Кирилл Александрийский - Толкование на Евангелие от Иоанна. Том II
Ведь если оно хочет выразить то, что Сын, являясь в сущности Отца, как единосущный Ему, и Сам имеет в Себе Отца, всецело просвечивающегося в природе Своего Сына, то согласимся и мы с таким рассуждением. Только термин «объятия» (περιοχῆς), употребленный о Сыне, кажется нам весьма неуместным.
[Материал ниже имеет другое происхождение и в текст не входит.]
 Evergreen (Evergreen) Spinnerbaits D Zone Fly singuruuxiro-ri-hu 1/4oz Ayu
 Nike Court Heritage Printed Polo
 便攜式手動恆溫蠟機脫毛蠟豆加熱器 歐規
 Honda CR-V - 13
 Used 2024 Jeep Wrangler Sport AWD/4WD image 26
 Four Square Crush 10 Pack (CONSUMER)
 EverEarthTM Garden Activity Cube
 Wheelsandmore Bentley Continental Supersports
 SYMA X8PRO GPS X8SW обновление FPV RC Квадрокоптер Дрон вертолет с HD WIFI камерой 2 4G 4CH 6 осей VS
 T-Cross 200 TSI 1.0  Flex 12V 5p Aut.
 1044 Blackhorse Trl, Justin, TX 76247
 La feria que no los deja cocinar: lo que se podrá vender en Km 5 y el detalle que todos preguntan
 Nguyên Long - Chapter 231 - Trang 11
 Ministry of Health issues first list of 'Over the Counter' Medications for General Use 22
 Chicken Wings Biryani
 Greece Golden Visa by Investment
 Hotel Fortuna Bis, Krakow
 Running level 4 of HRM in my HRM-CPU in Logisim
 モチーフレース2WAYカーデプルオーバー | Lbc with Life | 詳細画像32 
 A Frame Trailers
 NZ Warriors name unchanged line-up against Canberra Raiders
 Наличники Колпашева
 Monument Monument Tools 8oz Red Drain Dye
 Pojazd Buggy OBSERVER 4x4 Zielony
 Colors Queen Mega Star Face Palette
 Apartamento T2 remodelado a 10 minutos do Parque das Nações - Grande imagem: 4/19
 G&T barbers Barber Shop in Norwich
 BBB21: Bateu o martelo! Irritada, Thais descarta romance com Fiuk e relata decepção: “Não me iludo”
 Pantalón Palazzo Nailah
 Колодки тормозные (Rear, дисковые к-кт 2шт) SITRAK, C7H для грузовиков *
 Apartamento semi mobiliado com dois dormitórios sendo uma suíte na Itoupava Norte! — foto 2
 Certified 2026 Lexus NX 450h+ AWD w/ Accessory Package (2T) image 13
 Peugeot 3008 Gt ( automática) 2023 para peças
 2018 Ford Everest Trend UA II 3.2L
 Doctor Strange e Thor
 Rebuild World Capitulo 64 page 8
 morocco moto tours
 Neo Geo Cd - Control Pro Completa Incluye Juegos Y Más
Если же не выражает этого, — ведь никогда не может допустить рождение Сына из сущности Отца тот, кто изверг такую на Него хулу и кто утверждает, что природа Сына объята природою Отца как бы некое ограниченное тело, — то разве не окажется явно богохульствующим и исполненным доходящим до крайности умоповреждением? И называя Сына Богом, они вопреки разуму стараются присвоить Ему свойства тел. Ведь то, что всецело ограничивается каким-либо определением и измерением, мыслимым на расстоянии, так что имеет начало и конец, без сомнения, должно допускать и бытие, например, в каком-либо месте, иметь количественность и вид и образ. Но это все разве не свойства тел? И разве Тот, Кто выше нас, не будет мыслиться с нами, как нам подобный? И не окажется ли Он родственным всякой другой твари, уже не имея ничего большего пред нею, поскольку это касается до ограниченности ее?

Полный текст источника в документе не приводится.